Records from a data collection:
= Beginning of Section =
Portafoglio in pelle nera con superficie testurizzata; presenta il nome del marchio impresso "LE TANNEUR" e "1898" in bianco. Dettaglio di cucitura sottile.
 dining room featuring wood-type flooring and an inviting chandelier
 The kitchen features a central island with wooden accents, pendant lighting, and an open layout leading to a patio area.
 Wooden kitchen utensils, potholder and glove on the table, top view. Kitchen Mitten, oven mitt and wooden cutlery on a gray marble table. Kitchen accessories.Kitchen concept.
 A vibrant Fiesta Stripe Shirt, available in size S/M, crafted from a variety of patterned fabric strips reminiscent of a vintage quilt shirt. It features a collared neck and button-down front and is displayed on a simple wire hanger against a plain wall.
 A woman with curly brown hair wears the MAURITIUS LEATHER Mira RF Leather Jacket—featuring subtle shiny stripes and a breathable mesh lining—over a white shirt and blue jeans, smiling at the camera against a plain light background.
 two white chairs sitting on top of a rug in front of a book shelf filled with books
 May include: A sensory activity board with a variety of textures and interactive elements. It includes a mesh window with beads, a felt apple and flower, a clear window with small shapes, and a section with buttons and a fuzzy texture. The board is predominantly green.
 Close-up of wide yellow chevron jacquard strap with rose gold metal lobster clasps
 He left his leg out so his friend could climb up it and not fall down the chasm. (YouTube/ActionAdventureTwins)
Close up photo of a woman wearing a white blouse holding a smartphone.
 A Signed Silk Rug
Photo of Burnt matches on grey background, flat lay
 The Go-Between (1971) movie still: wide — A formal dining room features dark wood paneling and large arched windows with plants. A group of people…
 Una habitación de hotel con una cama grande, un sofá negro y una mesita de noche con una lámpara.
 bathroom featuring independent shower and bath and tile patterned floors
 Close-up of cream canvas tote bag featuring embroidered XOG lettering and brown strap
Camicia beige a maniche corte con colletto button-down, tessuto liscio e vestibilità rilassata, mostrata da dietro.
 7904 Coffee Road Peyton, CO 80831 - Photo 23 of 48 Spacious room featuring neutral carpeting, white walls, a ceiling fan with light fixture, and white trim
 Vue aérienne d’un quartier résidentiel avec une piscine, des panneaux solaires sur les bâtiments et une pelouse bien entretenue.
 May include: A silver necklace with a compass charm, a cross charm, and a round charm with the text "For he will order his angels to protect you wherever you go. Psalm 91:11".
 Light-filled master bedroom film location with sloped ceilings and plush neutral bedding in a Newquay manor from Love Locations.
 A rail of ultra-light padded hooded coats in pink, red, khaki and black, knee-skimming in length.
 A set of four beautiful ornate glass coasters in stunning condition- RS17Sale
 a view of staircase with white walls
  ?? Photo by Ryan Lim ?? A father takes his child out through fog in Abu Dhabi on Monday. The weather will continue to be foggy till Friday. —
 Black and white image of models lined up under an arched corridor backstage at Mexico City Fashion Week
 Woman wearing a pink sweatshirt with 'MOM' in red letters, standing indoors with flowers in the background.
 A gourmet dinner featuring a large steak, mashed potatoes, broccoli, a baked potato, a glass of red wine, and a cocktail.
= End of Section =
_The problem_
Produce exactly the lines from the one containing "Woman wearing a pink" through the final line of the records above, both included, and no others.

_Exercise solution_
 Woman wearing a pink sweatshirt with 'MOM' in red letters, standing indoors with flowers in the background.
 A gourmet dinner featuring a large steak, mashed potatoes, broccoli, a baked potato, a glass of red wine, and a cocktail.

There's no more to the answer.